--- TASK INPUT Enclosed Below ---

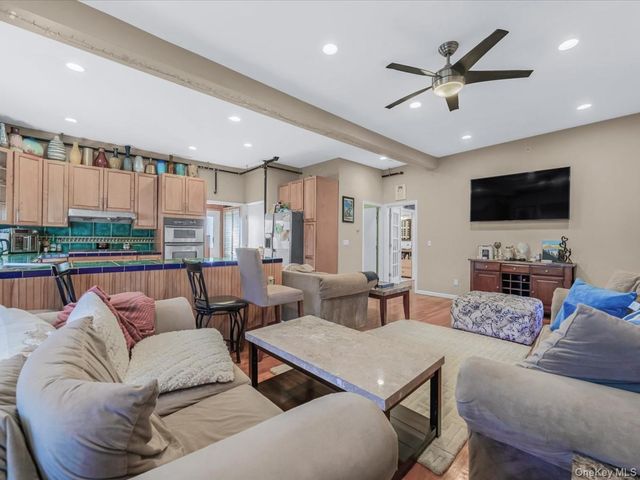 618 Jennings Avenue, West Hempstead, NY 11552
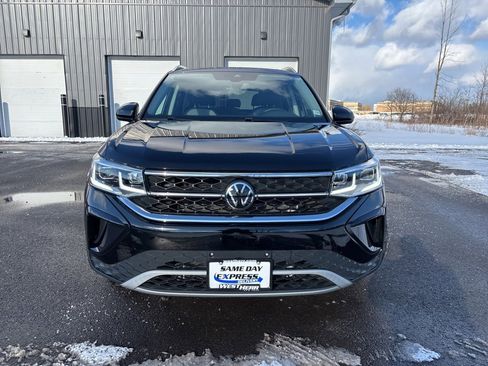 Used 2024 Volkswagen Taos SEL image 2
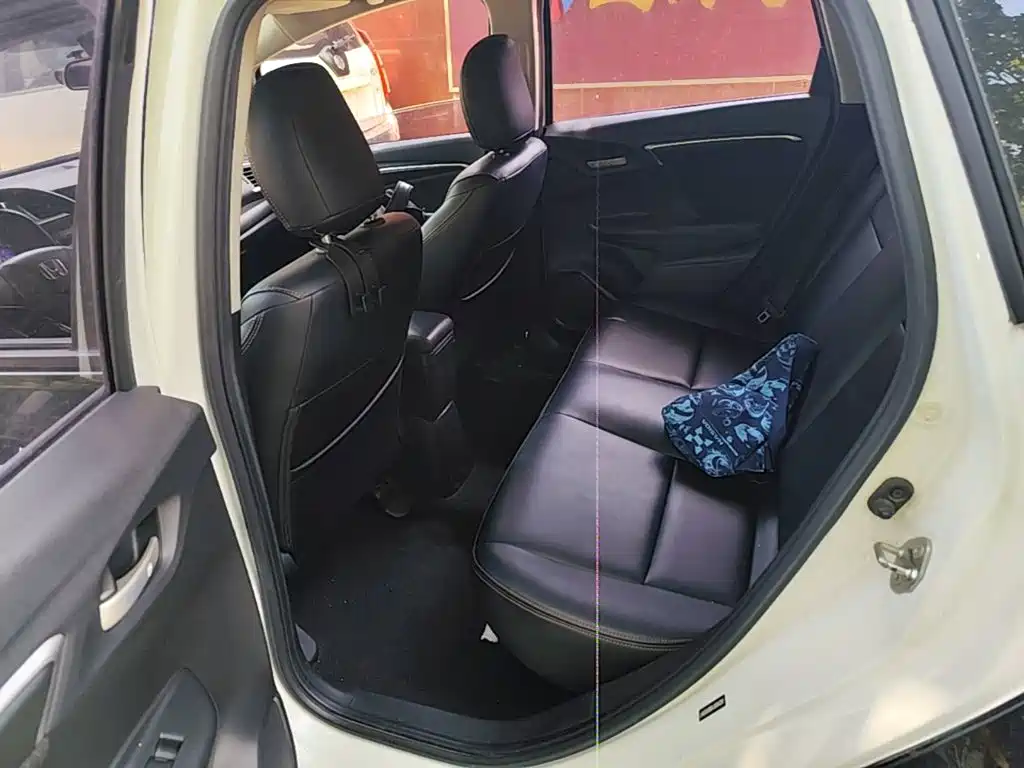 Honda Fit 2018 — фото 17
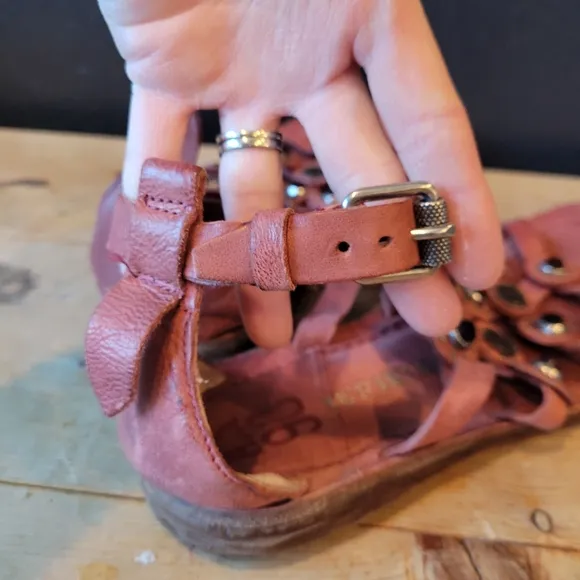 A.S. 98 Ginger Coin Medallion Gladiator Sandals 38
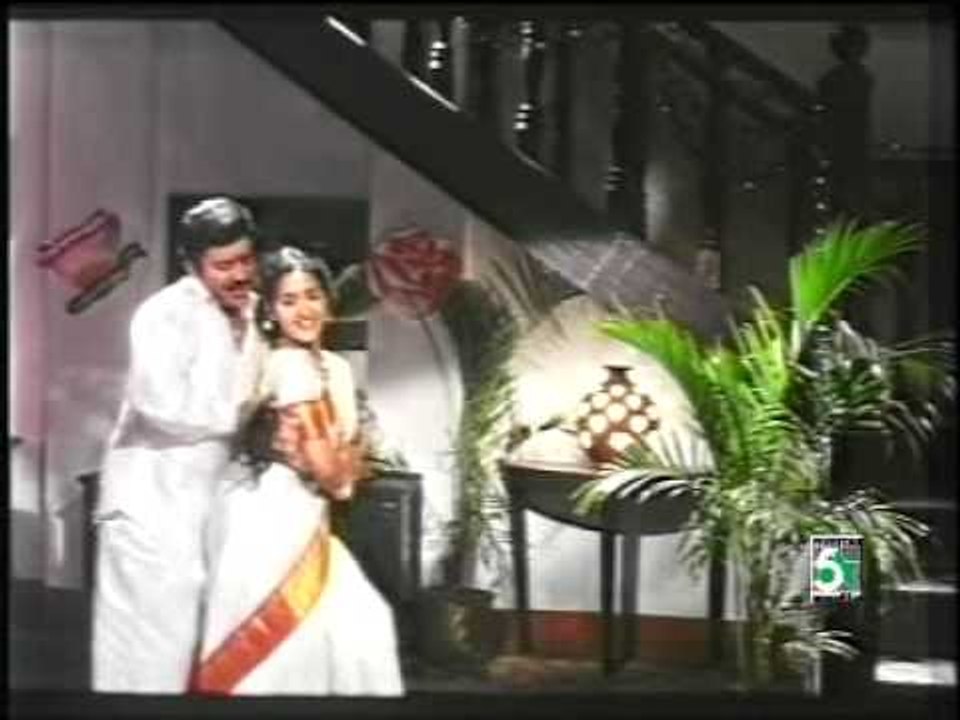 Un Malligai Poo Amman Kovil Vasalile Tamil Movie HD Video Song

--- End of Enclosed TASK INPUT ---

### INSTRUCTIONS TO FOLLOW
Word for word, return the records shown above without their pictures.

### SOLUTION TO THIS PROBLEM
 618 Jennings Avenue, West Hempstead, NY 11552
 Used 2024 Volkswagen Taos SEL image 2
 Honda Fit 2018 — фото 17
 A.S. 98 Ginger Coin Medallion Gladiator Sandals 38
 Un Malligai Poo Amman Kovil Vasalile Tamil Movie HD Video Song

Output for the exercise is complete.